狙うは中国の孤立。安倍総理がロシア経済分野協力担当相を新設した思惑

 

中ロ関係の現状

日本では、「ロシアは中国を嫌っている。いずれケンカする」という「信仰」があります。確かに、ロシアは、中国を信用していませんが…。しかし、ロシアと中国の同盟並の友好関係はすでに10年以上続いています。きっかけは、03~05年、旧ソ連諸国で「親米反ロ革命」が相次いだことでした。

  • 03年、グルジア「バラ革命」
  • 04年、ウクライナ「オレンジ革命」
  • 05年、キルギス「チューリップ革命」

この革命の背後にアメリカがいる」ことを感じ取ったプーチン。「このままでは、ロシアでも革命が起きる。そこまでいかなくても、旧ソ連諸国は、全部『親米反ロ』になり、『包囲される』!」と強い危機感を持ちます。そこで、プーチンは、中国に急接近したのです。

中ロは、「上海協力機構」を「反米の砦化」することで、アメリカに対抗していきます。そして、「国連重視」「多極主義」(=反米一極主義)など美しいスローガンを掲げ、影響力を拡大していきました。

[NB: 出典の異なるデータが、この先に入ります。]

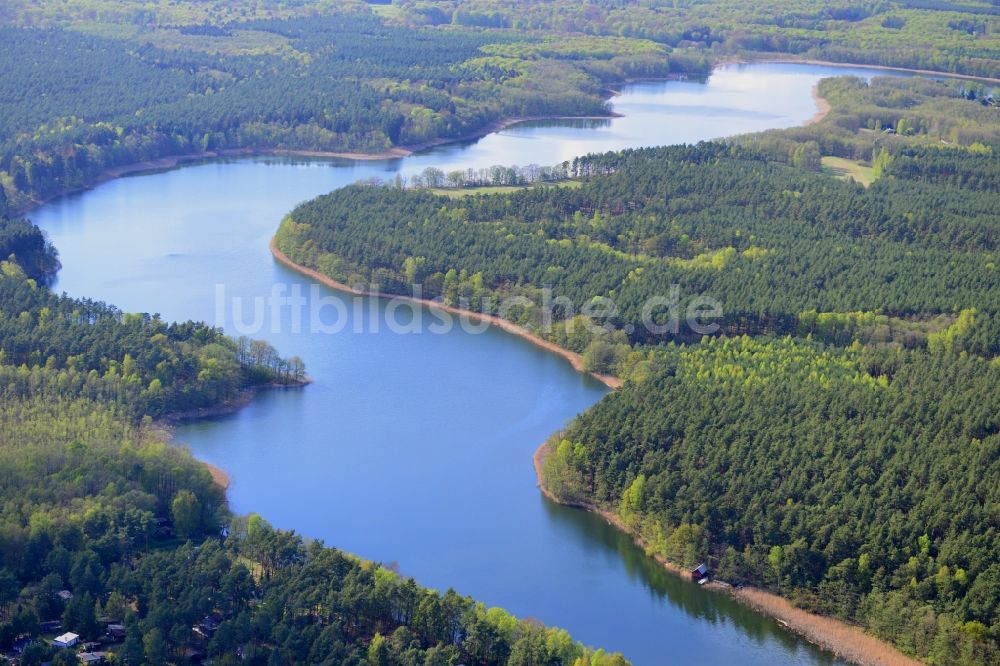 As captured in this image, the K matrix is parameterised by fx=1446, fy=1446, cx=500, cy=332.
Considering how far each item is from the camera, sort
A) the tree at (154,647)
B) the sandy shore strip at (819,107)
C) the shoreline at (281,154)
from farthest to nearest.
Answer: the sandy shore strip at (819,107) → the shoreline at (281,154) → the tree at (154,647)

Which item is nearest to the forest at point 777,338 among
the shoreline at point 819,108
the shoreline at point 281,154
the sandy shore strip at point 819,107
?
the shoreline at point 819,108

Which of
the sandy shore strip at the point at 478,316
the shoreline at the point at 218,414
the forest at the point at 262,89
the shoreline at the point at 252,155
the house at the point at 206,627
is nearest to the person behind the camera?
the house at the point at 206,627

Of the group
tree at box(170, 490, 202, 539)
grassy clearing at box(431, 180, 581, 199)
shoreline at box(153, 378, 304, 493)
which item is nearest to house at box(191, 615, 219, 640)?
tree at box(170, 490, 202, 539)

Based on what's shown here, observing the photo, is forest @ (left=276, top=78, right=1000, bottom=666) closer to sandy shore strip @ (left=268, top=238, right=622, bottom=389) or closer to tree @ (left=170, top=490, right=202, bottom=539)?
sandy shore strip @ (left=268, top=238, right=622, bottom=389)

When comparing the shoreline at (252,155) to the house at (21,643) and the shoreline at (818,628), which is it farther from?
the shoreline at (818,628)

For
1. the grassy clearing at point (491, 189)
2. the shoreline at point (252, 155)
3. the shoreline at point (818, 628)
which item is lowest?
the shoreline at point (818, 628)

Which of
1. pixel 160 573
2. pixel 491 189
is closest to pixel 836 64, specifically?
pixel 491 189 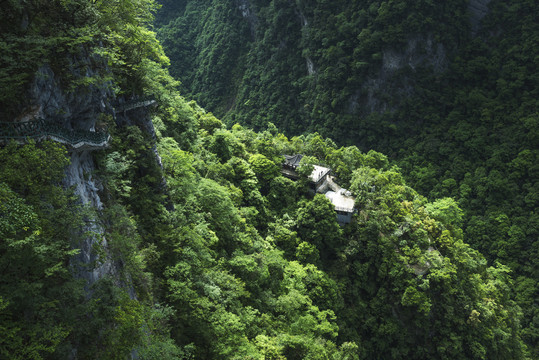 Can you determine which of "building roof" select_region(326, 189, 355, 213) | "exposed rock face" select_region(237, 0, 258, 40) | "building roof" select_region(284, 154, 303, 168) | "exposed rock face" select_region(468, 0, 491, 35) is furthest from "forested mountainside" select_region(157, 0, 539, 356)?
"building roof" select_region(284, 154, 303, 168)

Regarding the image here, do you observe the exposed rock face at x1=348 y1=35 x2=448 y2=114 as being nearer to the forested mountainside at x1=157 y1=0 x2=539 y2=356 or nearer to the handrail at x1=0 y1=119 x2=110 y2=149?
the forested mountainside at x1=157 y1=0 x2=539 y2=356

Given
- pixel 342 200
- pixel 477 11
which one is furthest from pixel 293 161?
pixel 477 11

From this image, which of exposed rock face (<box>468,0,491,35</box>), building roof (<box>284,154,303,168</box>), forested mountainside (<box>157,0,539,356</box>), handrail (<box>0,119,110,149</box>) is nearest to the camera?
handrail (<box>0,119,110,149</box>)

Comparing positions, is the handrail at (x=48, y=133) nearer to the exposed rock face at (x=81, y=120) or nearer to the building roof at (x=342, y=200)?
the exposed rock face at (x=81, y=120)

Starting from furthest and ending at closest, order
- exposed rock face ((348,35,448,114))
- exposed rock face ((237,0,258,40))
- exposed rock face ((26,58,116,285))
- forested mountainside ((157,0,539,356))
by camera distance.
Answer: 1. exposed rock face ((237,0,258,40))
2. exposed rock face ((348,35,448,114))
3. forested mountainside ((157,0,539,356))
4. exposed rock face ((26,58,116,285))

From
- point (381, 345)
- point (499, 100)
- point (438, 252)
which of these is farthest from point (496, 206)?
point (381, 345)

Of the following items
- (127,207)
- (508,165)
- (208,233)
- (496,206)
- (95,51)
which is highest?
(95,51)

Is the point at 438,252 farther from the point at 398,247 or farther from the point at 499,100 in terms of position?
the point at 499,100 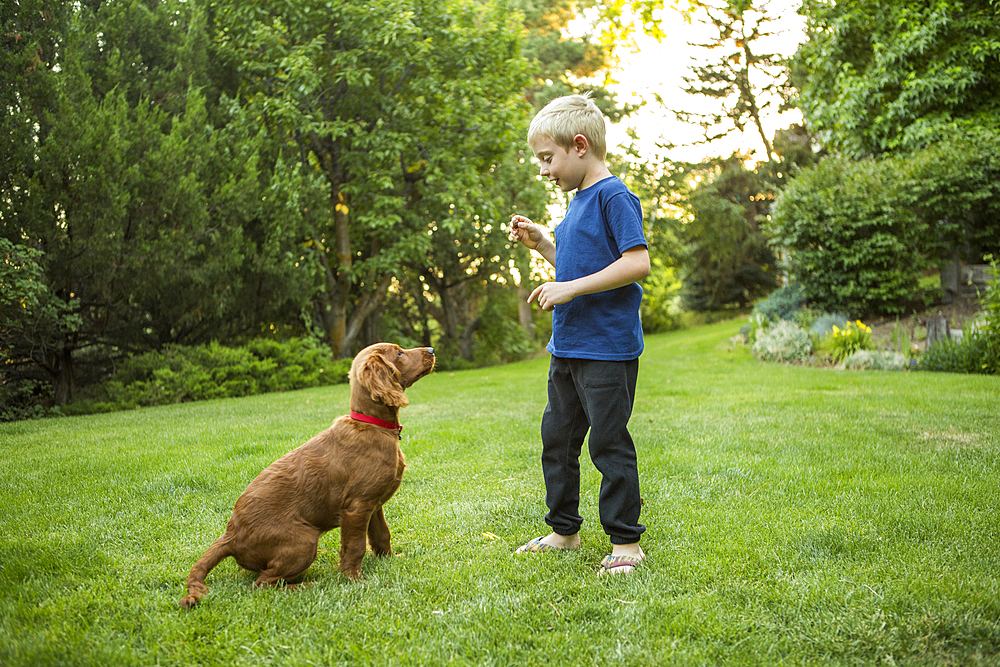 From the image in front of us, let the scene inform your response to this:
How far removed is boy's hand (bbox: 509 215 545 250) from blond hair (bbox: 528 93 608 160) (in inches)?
15.3

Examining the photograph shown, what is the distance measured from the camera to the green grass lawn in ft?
7.37

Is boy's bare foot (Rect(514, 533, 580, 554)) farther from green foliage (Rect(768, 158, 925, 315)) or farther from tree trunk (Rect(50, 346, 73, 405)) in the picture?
green foliage (Rect(768, 158, 925, 315))

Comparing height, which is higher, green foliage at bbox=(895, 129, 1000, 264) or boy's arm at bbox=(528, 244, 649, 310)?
green foliage at bbox=(895, 129, 1000, 264)

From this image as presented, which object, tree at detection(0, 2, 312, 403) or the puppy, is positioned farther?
tree at detection(0, 2, 312, 403)

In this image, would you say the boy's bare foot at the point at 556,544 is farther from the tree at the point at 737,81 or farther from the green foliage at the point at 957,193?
the tree at the point at 737,81

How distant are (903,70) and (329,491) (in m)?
15.5

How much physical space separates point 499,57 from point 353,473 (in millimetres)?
12044

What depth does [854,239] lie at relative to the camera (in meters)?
12.8

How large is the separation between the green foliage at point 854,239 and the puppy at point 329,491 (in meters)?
11.9

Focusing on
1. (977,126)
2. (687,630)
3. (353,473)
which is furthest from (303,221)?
(977,126)

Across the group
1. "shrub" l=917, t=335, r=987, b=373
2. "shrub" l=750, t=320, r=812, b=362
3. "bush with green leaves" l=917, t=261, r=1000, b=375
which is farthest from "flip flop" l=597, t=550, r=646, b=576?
"shrub" l=750, t=320, r=812, b=362

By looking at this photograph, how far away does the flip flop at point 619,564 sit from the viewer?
9.42 ft

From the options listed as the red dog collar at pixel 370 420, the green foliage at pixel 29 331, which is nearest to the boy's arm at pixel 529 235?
the red dog collar at pixel 370 420

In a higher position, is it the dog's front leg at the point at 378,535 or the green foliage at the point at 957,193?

米ロ対立は結局、08年8月の「ロシア―グルジア戦争」に発展していきます。しかし、その後「100年に1度の大不況」が起こり、米ロ共に非常に苦しい状態になった。結局米ロは和解し、「再起動の時代」がやってきます。「再起動の時代」、ロシアの大統領は、アメリカ大好きメドベージェフでした。

しかし12年にプーチンが再び大統領になり、「再起動の時代」は終わった。プーチンは、アメリカとの対決姿勢を強めていきます。14年2月、ウクライナで革命が起こり、親ロシア・ヤヌコビッチ政権が倒れた。親欧米新政権は、「クリミアからロシア黒海艦隊を追い出し、かわりにNATO軍を入れる!」と宣言した。これはロシアの安全保障上「大いなる脅威である!」と激怒したプーチンは、「クリミア併合」を断行します。そして、欧米+日本は、「対ロシア経済制裁」に踏み切った。ロシアが世界的に孤立する中、中国は唯一ロシアの味方につきました。結果、ロシアと中国は現在、事実上の同盟関係にある。